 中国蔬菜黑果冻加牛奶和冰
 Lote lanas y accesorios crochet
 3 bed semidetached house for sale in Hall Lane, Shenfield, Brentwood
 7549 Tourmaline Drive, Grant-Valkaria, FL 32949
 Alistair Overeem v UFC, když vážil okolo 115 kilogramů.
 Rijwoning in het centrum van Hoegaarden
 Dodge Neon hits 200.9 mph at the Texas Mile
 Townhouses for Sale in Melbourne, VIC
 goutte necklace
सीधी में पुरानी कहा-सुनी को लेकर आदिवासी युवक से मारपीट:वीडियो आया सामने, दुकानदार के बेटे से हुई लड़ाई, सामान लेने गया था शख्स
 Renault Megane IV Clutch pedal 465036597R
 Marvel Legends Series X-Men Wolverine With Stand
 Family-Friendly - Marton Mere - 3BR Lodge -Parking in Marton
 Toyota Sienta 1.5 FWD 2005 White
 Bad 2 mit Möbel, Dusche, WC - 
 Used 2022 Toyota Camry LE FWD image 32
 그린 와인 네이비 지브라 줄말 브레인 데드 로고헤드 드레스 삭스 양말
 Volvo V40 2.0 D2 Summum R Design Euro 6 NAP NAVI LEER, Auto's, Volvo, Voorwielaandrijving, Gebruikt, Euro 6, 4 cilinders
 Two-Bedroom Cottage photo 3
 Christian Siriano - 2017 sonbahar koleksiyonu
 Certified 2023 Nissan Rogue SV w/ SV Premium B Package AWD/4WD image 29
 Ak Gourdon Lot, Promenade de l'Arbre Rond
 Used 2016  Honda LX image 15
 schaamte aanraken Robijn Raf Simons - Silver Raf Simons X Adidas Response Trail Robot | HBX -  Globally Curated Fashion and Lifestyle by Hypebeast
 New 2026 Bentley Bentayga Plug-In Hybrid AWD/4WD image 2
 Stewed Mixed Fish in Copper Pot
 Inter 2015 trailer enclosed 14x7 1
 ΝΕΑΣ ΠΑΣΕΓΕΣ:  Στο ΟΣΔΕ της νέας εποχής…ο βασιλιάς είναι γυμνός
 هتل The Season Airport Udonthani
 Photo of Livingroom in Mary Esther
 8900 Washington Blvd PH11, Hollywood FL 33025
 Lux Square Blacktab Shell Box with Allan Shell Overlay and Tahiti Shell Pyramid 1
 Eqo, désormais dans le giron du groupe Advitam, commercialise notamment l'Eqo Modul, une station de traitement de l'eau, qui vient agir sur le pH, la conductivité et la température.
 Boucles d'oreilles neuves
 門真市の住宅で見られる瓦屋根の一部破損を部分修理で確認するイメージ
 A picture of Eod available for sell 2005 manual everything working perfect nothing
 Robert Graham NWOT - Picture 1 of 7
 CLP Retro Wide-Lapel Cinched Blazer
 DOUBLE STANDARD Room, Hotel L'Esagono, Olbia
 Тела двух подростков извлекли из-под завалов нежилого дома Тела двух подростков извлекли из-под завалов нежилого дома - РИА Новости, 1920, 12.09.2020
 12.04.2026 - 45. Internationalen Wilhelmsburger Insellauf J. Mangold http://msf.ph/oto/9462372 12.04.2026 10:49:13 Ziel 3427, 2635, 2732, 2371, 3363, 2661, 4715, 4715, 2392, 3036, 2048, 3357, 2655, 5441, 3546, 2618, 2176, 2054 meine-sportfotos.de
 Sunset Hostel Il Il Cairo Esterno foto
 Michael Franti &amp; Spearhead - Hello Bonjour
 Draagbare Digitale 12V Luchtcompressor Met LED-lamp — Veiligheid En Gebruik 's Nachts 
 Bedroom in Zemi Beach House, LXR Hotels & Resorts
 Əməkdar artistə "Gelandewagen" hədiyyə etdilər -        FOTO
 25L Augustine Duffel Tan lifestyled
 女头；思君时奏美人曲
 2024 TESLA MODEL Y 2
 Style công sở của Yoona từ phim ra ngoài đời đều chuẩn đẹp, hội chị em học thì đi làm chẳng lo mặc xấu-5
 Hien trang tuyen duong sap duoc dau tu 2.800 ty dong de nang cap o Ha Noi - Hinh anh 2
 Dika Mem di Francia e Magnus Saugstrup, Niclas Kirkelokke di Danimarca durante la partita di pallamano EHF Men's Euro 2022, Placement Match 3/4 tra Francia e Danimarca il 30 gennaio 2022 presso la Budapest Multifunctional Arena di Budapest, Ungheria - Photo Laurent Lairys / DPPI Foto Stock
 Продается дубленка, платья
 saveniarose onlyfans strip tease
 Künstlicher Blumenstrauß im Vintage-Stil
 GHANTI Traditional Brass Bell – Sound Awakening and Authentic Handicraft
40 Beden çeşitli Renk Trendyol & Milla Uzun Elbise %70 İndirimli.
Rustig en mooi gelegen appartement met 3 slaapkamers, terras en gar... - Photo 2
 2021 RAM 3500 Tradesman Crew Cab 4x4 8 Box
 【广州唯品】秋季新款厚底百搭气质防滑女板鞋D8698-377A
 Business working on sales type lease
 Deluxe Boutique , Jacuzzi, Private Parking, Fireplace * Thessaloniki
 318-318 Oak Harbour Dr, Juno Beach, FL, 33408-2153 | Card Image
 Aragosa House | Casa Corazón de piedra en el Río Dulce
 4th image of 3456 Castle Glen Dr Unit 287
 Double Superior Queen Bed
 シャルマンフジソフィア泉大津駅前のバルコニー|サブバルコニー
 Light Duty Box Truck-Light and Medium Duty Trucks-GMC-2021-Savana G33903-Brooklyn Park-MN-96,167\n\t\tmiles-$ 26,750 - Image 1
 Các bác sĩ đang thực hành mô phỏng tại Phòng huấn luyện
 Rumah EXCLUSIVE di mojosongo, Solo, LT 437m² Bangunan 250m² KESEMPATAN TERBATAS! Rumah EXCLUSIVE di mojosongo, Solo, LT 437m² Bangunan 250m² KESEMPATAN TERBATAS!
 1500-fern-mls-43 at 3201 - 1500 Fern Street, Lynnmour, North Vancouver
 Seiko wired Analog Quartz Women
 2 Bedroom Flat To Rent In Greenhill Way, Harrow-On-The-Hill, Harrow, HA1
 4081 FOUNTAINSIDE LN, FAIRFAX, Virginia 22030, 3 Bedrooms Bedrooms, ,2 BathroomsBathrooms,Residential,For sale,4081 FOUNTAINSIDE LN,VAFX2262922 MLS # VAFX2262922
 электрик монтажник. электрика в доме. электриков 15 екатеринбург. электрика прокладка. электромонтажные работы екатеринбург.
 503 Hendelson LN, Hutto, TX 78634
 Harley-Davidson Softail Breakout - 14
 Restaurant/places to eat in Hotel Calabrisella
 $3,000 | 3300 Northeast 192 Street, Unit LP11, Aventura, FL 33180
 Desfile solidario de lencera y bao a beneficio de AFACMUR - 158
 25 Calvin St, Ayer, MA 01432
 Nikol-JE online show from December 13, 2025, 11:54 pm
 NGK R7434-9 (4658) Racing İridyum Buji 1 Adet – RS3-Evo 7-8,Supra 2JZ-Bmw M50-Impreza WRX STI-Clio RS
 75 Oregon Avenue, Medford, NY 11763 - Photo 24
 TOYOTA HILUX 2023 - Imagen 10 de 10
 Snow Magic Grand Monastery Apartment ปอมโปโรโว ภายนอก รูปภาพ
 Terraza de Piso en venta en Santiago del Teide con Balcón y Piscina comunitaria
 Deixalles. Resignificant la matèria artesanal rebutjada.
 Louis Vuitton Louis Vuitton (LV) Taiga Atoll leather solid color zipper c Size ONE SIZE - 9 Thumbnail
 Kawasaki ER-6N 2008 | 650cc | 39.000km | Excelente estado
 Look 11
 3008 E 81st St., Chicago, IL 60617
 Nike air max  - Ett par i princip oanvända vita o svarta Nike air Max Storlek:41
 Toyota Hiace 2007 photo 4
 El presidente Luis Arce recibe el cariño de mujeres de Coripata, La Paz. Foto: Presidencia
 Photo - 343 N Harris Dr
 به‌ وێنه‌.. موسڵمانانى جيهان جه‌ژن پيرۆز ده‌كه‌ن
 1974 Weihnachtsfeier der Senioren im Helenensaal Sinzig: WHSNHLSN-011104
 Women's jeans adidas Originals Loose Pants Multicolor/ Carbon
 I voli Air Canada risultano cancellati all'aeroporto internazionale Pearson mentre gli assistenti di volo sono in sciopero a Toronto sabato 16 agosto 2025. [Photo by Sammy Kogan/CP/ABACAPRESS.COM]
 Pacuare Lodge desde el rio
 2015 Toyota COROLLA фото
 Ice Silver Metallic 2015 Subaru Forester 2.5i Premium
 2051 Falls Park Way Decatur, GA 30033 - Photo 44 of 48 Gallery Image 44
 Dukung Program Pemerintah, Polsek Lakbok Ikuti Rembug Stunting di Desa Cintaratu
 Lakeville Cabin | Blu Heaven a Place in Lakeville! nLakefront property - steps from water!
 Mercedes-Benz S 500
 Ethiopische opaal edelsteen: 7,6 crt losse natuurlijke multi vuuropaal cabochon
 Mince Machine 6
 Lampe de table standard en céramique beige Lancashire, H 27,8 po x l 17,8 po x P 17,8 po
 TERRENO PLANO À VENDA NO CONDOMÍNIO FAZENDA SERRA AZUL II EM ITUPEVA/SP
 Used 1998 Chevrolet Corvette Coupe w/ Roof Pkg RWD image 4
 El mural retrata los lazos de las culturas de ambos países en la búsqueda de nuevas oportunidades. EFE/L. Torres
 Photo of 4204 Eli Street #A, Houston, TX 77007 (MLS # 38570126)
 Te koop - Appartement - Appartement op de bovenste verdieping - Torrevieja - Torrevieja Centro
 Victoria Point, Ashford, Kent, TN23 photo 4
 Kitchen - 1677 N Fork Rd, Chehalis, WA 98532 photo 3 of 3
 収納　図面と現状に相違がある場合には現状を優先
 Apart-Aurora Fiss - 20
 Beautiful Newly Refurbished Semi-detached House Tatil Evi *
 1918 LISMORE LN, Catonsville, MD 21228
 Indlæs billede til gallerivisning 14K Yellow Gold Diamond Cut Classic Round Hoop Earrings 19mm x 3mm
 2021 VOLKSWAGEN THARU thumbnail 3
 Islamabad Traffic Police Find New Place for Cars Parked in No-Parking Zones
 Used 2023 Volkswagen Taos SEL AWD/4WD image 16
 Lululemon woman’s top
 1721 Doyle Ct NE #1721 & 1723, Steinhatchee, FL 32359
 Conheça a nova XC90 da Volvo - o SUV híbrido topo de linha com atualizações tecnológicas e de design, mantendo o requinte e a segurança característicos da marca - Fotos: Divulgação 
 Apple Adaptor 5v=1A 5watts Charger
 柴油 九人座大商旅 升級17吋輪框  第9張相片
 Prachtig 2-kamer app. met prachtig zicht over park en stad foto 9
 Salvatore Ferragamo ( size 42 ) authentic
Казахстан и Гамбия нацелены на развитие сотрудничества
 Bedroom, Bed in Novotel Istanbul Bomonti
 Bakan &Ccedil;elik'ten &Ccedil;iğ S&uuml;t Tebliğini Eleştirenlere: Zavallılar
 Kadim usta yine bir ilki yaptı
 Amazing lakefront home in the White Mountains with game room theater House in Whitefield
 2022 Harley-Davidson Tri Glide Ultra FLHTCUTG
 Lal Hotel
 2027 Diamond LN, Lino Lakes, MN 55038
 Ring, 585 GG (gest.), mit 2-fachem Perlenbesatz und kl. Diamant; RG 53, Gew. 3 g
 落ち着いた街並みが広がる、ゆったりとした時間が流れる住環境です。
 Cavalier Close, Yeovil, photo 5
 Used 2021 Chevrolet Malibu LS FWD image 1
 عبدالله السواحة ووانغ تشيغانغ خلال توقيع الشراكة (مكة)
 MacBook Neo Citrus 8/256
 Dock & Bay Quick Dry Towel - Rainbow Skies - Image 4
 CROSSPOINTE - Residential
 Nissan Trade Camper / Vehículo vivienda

·····

> Work order
Repeat only the lines above, from the first line of the entries through the line that contains "Family-Friendly - Marton", including both ends.

> Solved problem
 中国蔬菜黑果冻加牛奶和冰
 Lote lanas y accesorios crochet
 3 bed semidetached house for sale in Hall Lane, Shenfield, Brentwood
 7549 Tourmaline Drive, Grant-Valkaria, FL 32949
 Alistair Overeem v UFC, když vážil okolo 115 kilogramů.
 Rijwoning in het centrum van Hoegaarden
 Dodge Neon hits 200.9 mph at the Texas Mile
 Townhouses for Sale in Melbourne, VIC
 goutte necklace
सीधी में पुरानी कहा-सुनी को लेकर आदिवासी युवक से मारपीट:वीडियो आया सामने, दुकानदार के बेटे से हुई लड़ाई, सामान लेने गया था शख्स
 Renault Megane IV Clutch pedal 465036597R
 Marvel Legends Series X-Men Wolverine With Stand
 Family-Friendly - Marton Mere - 3BR Lodge -Parking in Marton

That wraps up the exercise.